It may appear from reading HRS 269-1 that county water boards are regulated under this chapter, since a “public utility …includes every person who may own, control, operate, or manage …directly or indirectly for public use … [the] production … [of]  water.”

  However the creation and regulation of county water boards falls under HRS 54. The boards control their systems. 

If a county does not have an existing board of water supply, there shall be a board of water supply.” (§54-12)

The board of water supply shall manage, control, and operate the waterworks of the county and all property thereof, for the purpose of supplying water to the public in the county, and shall collect, receive, expend, and account for all sums of money derived from the operation thereof.” (§54-15)

 “The board of water supply may fix and adjust rates and charges for the furnishing of water and for water service.” (§54-26)

Another issue deals with electric cooperatives whereby the “owners” and the “ratepayers” are largely one and the same.
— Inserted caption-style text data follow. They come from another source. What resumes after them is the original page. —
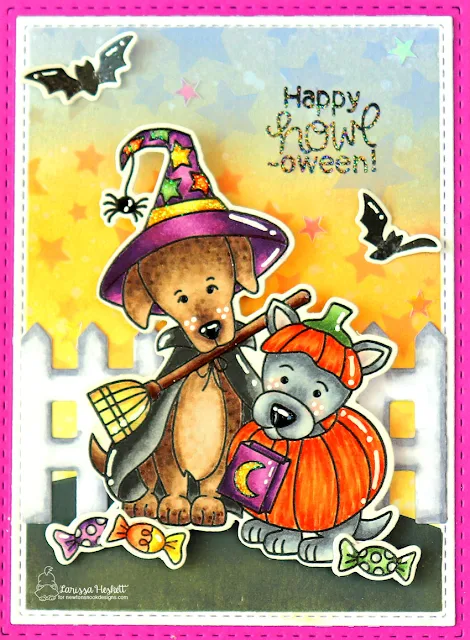 Happy Howl-Oween Card by Larissa Heskett for Newton's Nook Designs using Happy Howl-Oween Stamp and Die Set, Fence Die, Cascading Stars Stencil and Grass & Hills Stencil 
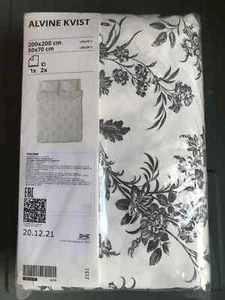 IKEA ALVINE KVIST weiß/grau/schwarz Blumen Doppel Bettbezug Set 200x200cm NEU - Bild 1 von 7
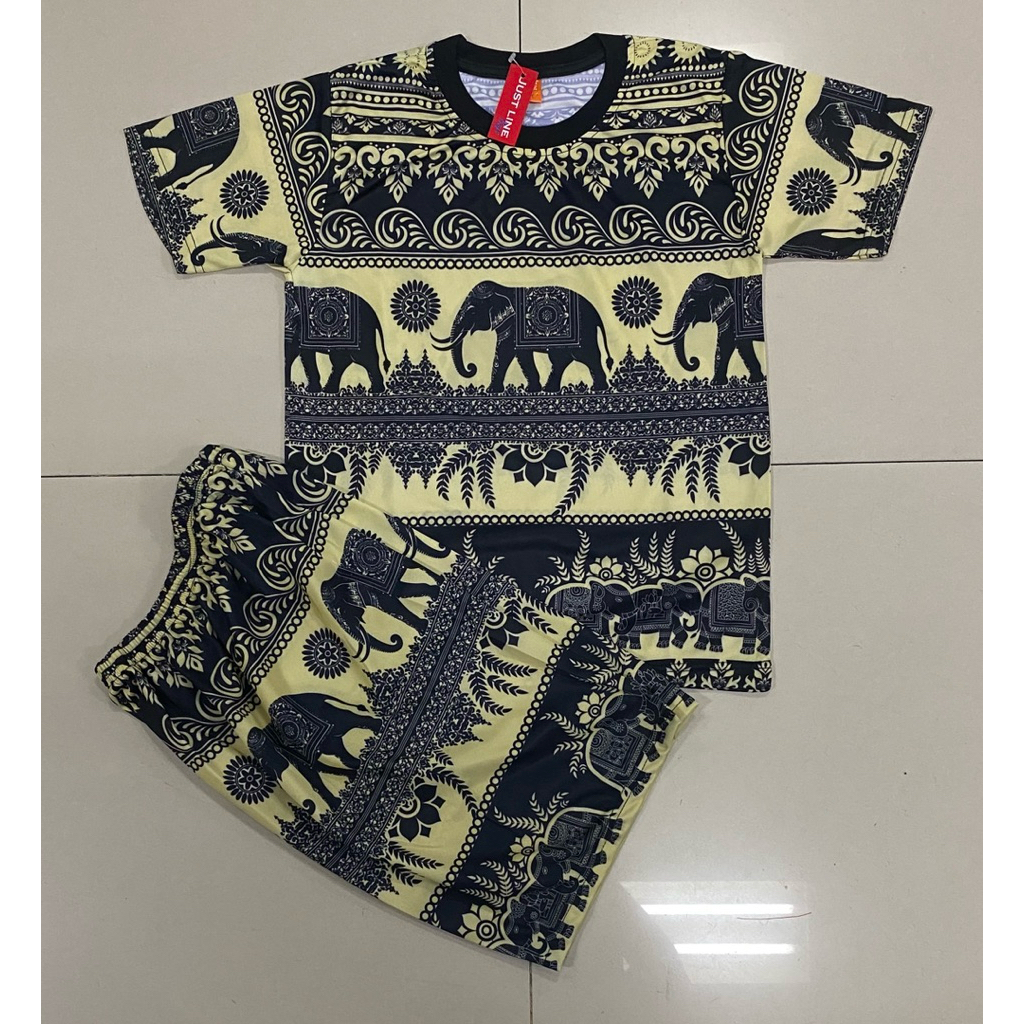 Baju motif gajah thailand anak anak setelan baju gajah thailand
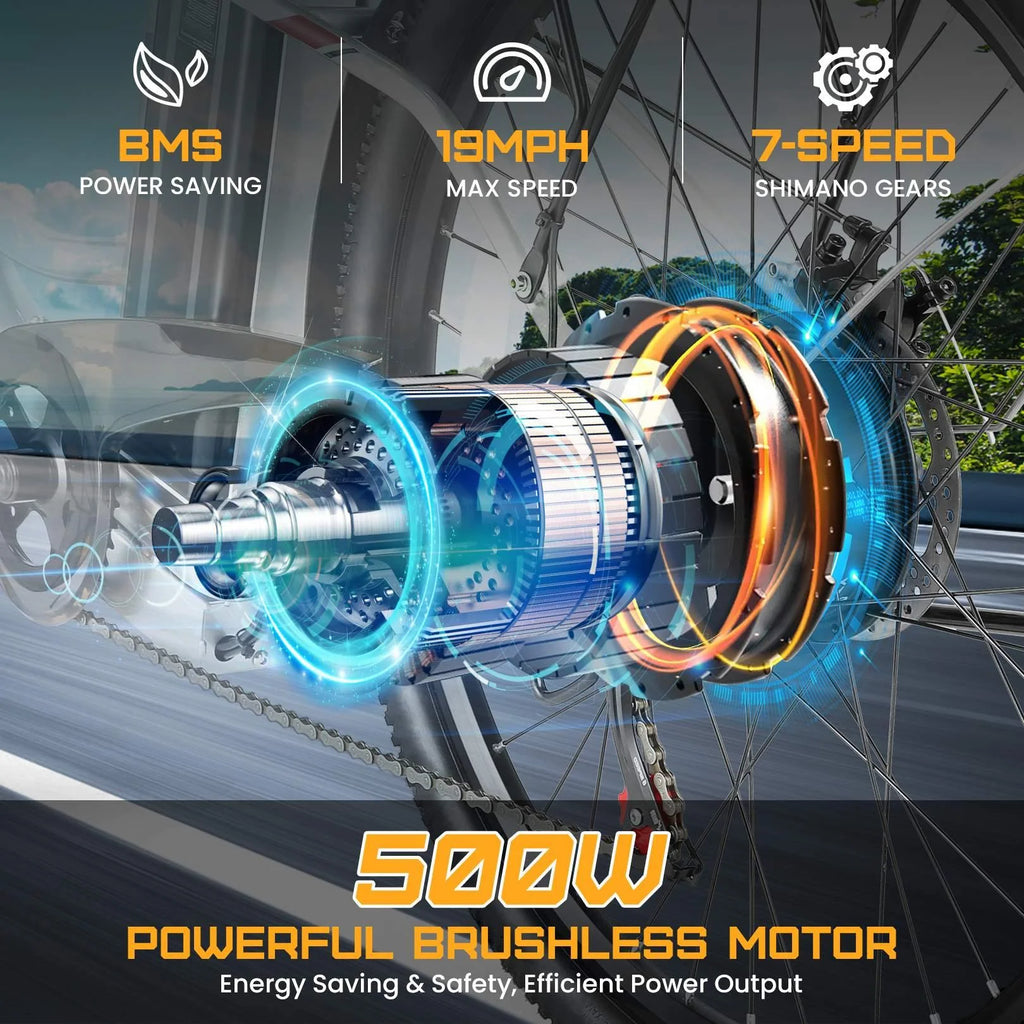 26 in. Electric Bicycle 500W 48V 7 Speed Gears Ebike Y668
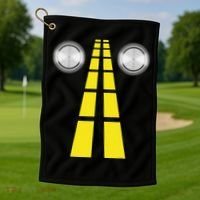 Deer Headlights With Road Markings Couples Costume Halloween Golf Towel thumb 1
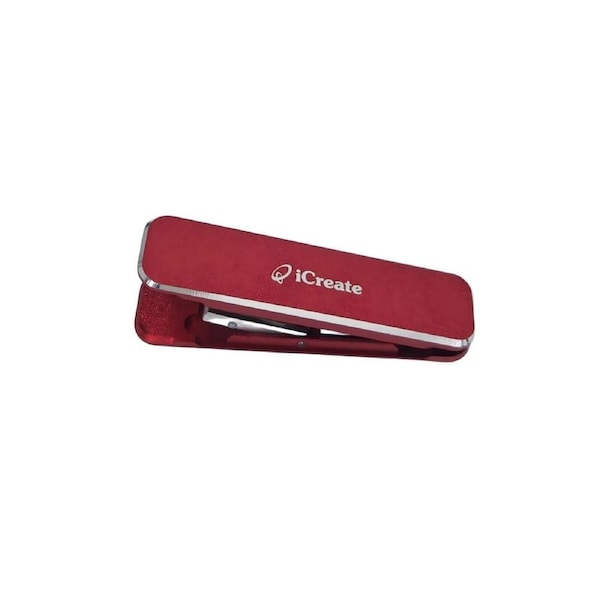 Mini Metal Back-attached Stand for Smartphones - Red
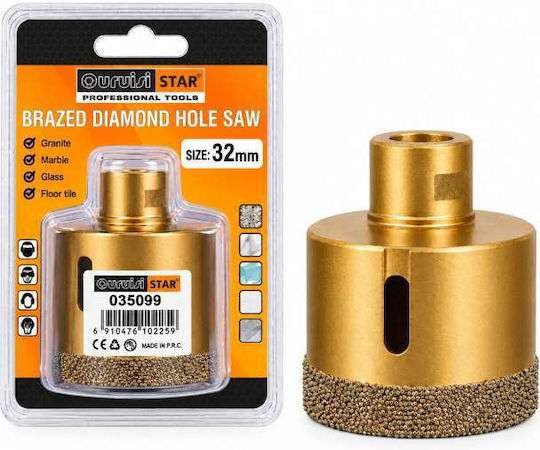 Uruisi Star Diamantkronen-Gewindeschneiden CT2498 Trockenschnitt mit Durchmesser von 32mm bis 38mm für Rasen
Therefore ratepayers do not have to be protected from exploitative owners.

The Governor’s legislative package in 2013 included a bill that would allow less regulatory oversight for electric cooperatives. Only Rep. McDermott voted against SB 1045 SD1 HD2 which became Act 57 and was codified in as HRS §269-31(b).

“Notwithstanding any provision of this chapter or any franchise, charter, law, decision, order, or rule to the contrary, the public utilities commission, sua sponte or upon the application of an electric cooperative, may waive or exempt an electric cooperative from any or all requirements of this chapter or any applicable franchise, charter, decision, order, rule, or other law upon a determination or demonstration that such requirement or requirements should not be applied to an electric cooperative or are otherwise unjust, unreasonable, or not in the public interest. 

Notwithstanding the above, the public utilities commission and the consumer advocate shall at all times consider the ownership structure and interests of an electric cooperative in determining the scope and need for any regulatory oversight or requirements over such electric cooperative.” 

In practice, both before and after Act 57 was passed, the Public Utilities Commission has been less involved in regulating the Kauai Island Utility Cooperative (KIUC) than in regulating HECO, MECO and HELCO.

In all likelihood the hierarchy of regulation by the Public Utilities Commission would be most intense for privately-owned/shareholder-owned utilities (HECO, MECO and HELCO), less regulation for county-owned utilities, and still less regulation for co-ops. 

That still leaves unanswered questions for regional entities which seek to take away part of or replace part of a utility, such as Parker Ranch’s Paniolo Power, the Hawai`i Island Energy Cooperative and perhaps Kulolo.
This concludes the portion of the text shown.